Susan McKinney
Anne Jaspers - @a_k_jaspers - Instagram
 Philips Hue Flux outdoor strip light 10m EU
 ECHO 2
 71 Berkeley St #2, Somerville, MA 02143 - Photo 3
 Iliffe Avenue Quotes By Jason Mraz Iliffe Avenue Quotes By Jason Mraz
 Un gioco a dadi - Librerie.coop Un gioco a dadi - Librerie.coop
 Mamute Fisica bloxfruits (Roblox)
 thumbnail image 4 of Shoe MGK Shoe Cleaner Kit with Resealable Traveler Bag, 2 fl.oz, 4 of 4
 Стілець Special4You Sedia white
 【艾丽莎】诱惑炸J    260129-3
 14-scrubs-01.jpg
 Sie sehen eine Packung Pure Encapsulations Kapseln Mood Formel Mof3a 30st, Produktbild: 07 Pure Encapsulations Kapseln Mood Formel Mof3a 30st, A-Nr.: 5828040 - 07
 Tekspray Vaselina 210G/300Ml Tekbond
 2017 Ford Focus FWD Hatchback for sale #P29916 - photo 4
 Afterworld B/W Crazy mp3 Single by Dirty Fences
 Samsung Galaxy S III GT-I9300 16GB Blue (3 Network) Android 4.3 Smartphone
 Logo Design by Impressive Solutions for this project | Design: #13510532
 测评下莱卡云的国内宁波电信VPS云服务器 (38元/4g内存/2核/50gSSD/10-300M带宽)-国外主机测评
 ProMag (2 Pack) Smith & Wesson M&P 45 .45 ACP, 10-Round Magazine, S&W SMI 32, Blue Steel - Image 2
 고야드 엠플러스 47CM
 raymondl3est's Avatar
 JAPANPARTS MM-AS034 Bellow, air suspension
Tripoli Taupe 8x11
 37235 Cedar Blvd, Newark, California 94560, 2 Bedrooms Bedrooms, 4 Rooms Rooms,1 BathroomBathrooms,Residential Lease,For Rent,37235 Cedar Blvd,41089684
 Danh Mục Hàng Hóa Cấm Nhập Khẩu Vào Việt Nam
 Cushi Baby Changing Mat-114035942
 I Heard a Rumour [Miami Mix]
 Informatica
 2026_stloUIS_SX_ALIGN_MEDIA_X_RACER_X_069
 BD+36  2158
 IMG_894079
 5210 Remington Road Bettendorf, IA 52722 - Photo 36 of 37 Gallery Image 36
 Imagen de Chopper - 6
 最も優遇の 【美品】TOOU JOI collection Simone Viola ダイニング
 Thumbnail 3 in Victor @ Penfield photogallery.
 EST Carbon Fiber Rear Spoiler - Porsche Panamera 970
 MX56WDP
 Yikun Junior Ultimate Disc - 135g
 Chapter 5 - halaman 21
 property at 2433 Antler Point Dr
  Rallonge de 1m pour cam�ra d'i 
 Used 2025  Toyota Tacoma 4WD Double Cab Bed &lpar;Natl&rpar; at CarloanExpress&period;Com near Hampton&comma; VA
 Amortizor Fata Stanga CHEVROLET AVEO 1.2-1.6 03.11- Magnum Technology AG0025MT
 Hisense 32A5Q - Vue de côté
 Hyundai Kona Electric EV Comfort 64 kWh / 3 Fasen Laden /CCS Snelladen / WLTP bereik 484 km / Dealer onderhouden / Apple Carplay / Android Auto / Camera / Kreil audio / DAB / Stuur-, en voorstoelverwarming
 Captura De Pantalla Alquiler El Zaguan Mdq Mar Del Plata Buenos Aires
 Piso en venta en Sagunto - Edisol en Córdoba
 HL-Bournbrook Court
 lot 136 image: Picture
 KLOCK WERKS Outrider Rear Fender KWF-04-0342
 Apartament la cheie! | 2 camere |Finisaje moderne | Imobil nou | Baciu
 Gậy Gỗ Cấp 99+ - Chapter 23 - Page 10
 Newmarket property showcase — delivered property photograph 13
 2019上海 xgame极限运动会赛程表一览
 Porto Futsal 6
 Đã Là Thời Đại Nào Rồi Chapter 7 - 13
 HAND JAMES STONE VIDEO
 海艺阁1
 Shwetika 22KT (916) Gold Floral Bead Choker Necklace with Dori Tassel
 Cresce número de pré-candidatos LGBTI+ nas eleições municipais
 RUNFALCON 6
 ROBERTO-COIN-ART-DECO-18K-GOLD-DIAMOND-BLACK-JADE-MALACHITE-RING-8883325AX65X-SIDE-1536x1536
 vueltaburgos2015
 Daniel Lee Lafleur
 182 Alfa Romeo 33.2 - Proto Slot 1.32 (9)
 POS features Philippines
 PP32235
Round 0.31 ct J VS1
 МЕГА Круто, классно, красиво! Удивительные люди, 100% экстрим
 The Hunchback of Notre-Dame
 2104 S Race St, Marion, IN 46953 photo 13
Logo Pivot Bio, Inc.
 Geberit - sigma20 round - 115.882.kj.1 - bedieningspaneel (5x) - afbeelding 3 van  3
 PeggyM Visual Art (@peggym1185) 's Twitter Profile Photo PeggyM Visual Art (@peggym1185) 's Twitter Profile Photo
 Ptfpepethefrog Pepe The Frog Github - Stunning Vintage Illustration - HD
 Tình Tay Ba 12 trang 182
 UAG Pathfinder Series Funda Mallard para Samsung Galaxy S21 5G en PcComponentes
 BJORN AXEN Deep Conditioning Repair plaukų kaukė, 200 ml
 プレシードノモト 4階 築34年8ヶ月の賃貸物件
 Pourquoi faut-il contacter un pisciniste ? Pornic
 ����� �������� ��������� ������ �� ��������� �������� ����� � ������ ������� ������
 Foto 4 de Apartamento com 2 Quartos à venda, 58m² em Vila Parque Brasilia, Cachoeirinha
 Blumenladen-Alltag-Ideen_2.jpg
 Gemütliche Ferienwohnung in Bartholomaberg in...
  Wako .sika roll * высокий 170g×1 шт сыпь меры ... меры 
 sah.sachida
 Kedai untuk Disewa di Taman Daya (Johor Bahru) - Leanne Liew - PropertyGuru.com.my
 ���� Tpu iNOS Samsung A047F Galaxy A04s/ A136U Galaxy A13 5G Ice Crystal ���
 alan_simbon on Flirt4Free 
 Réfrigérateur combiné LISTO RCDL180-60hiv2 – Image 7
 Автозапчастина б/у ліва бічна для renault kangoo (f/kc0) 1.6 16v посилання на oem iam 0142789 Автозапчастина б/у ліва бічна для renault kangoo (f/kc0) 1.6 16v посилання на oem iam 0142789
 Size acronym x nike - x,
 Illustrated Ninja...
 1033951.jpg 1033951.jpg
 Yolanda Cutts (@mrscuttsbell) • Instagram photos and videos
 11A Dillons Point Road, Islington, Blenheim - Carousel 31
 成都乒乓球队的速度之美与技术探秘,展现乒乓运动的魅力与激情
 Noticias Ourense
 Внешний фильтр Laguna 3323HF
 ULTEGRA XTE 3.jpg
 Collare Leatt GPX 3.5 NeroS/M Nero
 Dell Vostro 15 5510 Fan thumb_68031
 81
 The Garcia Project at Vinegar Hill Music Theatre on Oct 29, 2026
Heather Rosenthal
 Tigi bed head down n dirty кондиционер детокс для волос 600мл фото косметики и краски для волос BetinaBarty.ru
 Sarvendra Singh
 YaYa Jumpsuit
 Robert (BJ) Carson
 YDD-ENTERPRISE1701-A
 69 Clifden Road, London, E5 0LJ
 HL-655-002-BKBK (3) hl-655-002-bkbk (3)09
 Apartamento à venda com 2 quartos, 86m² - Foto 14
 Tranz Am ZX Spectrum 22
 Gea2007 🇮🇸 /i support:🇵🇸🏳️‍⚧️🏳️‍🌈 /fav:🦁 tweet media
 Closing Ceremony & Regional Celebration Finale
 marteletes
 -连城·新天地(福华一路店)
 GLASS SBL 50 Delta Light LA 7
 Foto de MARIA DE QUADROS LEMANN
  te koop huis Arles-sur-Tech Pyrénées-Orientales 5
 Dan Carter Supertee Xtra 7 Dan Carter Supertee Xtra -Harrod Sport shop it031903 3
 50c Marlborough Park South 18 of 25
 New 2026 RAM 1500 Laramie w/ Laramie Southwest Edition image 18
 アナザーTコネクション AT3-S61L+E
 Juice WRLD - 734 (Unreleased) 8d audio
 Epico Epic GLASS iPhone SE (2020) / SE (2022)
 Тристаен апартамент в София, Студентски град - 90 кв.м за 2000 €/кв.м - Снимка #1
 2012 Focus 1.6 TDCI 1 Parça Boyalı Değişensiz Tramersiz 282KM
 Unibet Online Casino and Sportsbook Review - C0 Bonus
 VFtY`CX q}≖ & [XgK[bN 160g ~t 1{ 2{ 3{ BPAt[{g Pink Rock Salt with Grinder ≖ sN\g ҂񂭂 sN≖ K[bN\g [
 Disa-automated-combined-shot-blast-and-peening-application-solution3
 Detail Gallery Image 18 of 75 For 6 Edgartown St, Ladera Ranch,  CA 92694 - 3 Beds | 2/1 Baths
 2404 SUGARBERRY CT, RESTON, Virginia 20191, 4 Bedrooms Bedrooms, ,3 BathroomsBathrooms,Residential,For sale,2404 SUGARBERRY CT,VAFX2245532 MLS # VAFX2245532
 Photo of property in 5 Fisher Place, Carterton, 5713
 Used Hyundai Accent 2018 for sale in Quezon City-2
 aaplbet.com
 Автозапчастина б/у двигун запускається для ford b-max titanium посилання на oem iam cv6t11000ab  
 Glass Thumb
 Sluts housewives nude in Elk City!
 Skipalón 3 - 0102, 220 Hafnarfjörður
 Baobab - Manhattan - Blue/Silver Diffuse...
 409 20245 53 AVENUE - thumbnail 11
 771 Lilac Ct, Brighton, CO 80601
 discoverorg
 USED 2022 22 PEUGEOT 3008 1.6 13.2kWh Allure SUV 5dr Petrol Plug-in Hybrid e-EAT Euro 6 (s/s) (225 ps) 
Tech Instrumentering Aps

### WORK ITEM
Transcribe, exactly as written, all lines of the entries above from the first to the one containing "最も優遇の 【美品】TOOU JOI", and no more.

### RESPONSE
Susan McKinney
Anne Jaspers - @a_k_jaspers - Instagram
 Philips Hue Flux outdoor strip light 10m EU
 ECHO 2
 71 Berkeley St #2, Somerville, MA 02143 - Photo 3
 Iliffe Avenue Quotes By Jason Mraz Iliffe Avenue Quotes By Jason Mraz
 Un gioco a dadi - Librerie.coop Un gioco a dadi - Librerie.coop
 Mamute Fisica bloxfruits (Roblox)
 thumbnail image 4 of Shoe MGK Shoe Cleaner Kit with Resealable Traveler Bag, 2 fl.oz, 4 of 4
 Стілець Special4You Sedia white
 【艾丽莎】诱惑炸J    260129-3
 14-scrubs-01.jpg
 Sie sehen eine Packung Pure Encapsulations Kapseln Mood Formel Mof3a 30st, Produktbild: 07 Pure Encapsulations Kapseln Mood Formel Mof3a 30st, A-Nr.: 5828040 - 07
 Tekspray Vaselina 210G/300Ml Tekbond
 2017 Ford Focus FWD Hatchback for sale #P29916 - photo 4
 Afterworld B/W Crazy mp3 Single by Dirty Fences
 Samsung Galaxy S III GT-I9300 16GB Blue (3 Network) Android 4.3 Smartphone
 Logo Design by Impressive Solutions for this project | Design: #13510532
 测评下莱卡云的国内宁波电信VPS云服务器 (38元/4g内存/2核/50gSSD/10-300M带宽)-国外主机测评
 ProMag (2 Pack) Smith & Wesson M&P 45 .45 ACP, 10-Round Magazine, S&W SMI 32, Blue Steel - Image 2
 고야드 엠플러스 47CM
 raymondl3est's Avatar
 JAPANPARTS MM-AS034 Bellow, air suspension
Tripoli Taupe 8x11
 37235 Cedar Blvd, Newark, California 94560, 2 Bedrooms Bedrooms, 4 Rooms Rooms,1 BathroomBathrooms,Residential Lease,For Rent,37235 Cedar Blvd,41089684
 Danh Mục Hàng Hóa Cấm Nhập Khẩu Vào Việt Nam
 Cushi Baby Changing Mat-114035942
 I Heard a Rumour [Miami Mix]
 Informatica
 2026_stloUIS_SX_ALIGN_MEDIA_X_RACER_X_069
 BD+36  2158
 IMG_894079
 5210 Remington Road Bettendorf, IA 52722 - Photo 36 of 37 Gallery Image 36
 Imagen de Chopper - 6
 最も優遇の 【美品】TOOU JOI collection Simone Viola ダイニング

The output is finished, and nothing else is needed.